LIMITED POWER OF ATTORNEY

                    The undersigned, a director and/or officer of Chemical Financial Corporation, a Michigan corporation (the "Company"), does hereby appoint DAVID B. RAMAKER, LORI A. GWIZDALA, JEFFREY A. OTT, and GORDON R. LEWIS, or any one or more of them, with full power of substitution, his or her attorneys and agents to do any and all acts and things and to execute and file any and all documents and instruments that such attorneys and agents, or any of them, consider necessary or advisable to enable the undersigned (in his or her individual capacity or in a fiduciary or other capacity) to comply with the Securities Act of 1933, as amended (the "Securities Act"), and the Securities Exchange Act of 1934, as amended (the "Exchange Act"), and any requirements of the Securities and Exchange Commission in respect thereof, in connection with his or her intended sale of any security related to the Company pursuant to Rule 14 4 issued under the Securities Act and the preparation, execution and filing of any report or statement of beneficial ownership or changes in beneficial ownership of securities of the Company that the undersigned (in his or her individual capacity or in a fiduciary or other capacity) may be required to file pursuant to Section 16(a) of the Exchange Act including, without limitation, full power and authority to sign the undersigned's name, in his or her individual capacity or in a fiduciary or other capacity, to any report or statement on Form 3, 4, 5 or 144, or to any amendments or any successor forms thereto, or any form or forms adopted by the Securities and Exchange Commission in lieu thereof or in addition thereto, hereby ratifying and confirming all that such attorneys and agents, or any of them, shall do or cause to be done by virtue hereof.

                    The undersigned agrees that the attorneys-in-fact named herein may rely entirely on information furnished orally or in writing by the undersigned to such attorneys-in-fact.

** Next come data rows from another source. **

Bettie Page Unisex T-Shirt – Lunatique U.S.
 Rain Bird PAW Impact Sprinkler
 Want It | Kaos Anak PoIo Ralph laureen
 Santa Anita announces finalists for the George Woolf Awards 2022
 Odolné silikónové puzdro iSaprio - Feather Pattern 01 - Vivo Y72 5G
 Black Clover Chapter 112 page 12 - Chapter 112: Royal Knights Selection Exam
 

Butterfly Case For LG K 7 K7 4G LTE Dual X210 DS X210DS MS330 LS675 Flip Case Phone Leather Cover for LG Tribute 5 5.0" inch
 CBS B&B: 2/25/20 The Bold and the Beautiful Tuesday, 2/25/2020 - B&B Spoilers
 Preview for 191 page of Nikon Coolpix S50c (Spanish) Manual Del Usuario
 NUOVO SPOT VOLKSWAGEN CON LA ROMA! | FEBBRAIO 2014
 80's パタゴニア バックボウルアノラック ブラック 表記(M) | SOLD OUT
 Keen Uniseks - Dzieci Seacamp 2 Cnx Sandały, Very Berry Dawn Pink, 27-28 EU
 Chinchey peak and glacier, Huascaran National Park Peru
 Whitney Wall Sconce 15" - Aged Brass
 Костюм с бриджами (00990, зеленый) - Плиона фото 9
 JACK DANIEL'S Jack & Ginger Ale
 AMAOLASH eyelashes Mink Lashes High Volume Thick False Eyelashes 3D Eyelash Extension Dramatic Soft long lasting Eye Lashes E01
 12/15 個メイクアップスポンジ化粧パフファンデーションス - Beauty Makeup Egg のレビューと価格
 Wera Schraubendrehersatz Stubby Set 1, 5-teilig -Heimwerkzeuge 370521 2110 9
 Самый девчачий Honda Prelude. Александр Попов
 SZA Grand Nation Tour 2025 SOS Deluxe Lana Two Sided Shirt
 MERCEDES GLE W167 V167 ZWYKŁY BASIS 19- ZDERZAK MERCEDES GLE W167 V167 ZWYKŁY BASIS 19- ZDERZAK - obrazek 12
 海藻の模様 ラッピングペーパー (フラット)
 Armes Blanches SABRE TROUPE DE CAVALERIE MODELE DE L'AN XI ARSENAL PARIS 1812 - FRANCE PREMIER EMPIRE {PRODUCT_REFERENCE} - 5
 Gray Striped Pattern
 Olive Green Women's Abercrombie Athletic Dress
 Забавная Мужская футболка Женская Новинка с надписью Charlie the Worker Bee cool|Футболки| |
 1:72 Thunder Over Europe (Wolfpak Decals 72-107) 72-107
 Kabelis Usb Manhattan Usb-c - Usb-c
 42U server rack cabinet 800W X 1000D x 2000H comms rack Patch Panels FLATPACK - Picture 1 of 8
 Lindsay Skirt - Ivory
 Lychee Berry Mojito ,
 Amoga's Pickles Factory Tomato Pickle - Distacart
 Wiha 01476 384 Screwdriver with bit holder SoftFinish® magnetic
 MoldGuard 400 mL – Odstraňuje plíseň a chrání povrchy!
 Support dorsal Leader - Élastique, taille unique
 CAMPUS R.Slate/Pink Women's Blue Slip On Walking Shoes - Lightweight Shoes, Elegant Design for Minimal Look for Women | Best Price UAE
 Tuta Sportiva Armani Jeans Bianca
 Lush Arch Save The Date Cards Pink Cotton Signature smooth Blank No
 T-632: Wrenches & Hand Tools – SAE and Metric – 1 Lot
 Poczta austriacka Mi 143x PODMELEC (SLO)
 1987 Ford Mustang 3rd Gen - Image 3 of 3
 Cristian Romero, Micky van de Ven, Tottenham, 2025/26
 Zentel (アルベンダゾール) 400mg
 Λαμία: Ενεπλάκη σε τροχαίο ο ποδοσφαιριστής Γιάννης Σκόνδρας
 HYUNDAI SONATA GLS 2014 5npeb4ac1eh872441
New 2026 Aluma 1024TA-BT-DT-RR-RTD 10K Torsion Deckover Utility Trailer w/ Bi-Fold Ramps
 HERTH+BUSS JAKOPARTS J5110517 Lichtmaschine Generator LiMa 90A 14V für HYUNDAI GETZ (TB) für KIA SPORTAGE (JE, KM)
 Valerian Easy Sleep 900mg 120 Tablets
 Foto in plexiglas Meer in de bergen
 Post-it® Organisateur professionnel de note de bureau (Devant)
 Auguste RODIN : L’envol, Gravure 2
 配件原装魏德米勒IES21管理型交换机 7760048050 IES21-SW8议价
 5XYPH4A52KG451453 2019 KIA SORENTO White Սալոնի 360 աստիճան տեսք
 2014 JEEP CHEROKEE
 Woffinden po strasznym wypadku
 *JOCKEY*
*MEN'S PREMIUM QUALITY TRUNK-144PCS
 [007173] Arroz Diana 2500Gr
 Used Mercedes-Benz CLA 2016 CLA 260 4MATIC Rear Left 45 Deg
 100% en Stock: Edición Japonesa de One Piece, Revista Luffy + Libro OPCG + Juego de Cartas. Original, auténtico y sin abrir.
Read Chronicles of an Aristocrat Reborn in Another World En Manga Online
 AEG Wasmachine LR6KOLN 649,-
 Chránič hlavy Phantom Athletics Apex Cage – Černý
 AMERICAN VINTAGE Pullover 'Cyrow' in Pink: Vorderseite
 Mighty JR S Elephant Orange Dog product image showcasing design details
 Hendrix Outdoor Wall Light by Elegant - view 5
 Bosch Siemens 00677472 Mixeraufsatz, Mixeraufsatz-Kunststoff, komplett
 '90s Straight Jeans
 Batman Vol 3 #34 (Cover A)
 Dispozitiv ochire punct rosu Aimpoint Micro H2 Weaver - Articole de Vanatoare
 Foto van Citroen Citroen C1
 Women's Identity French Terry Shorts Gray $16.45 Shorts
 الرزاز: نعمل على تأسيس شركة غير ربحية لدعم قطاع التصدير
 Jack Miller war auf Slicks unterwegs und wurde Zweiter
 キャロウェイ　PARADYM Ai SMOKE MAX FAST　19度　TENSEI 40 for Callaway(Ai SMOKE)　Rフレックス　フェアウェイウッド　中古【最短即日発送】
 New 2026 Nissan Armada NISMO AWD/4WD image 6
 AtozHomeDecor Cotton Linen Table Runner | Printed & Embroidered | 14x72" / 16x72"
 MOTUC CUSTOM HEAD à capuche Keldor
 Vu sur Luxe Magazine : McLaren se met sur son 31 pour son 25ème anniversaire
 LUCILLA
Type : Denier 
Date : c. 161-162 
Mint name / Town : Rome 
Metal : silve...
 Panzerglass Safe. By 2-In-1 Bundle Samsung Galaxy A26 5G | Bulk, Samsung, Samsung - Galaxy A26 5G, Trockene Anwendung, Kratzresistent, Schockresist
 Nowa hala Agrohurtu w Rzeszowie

                    This authorization shall supersede all prior authorizations to act for the undersigned with respect to securities of the Company in these matters, which prior authorizations are hereby revoked, and shall survive the termination of the undersigned's status as a director and/or officer of the Company and remain in effect thereafter for so long as the undersigned (in his or her individual capacity or in a fiduciary or other capacity) is subject to Rule 144 with respect to securities of the Company or has any obligation under Section 16 of the Exchange Act with respect to securities of the Company.


Date:  July 25, 2007

/s/ David B. Ramaker


 
 

(Signature)

 
     
 

David B. Ramaker


 
 

(Print Name)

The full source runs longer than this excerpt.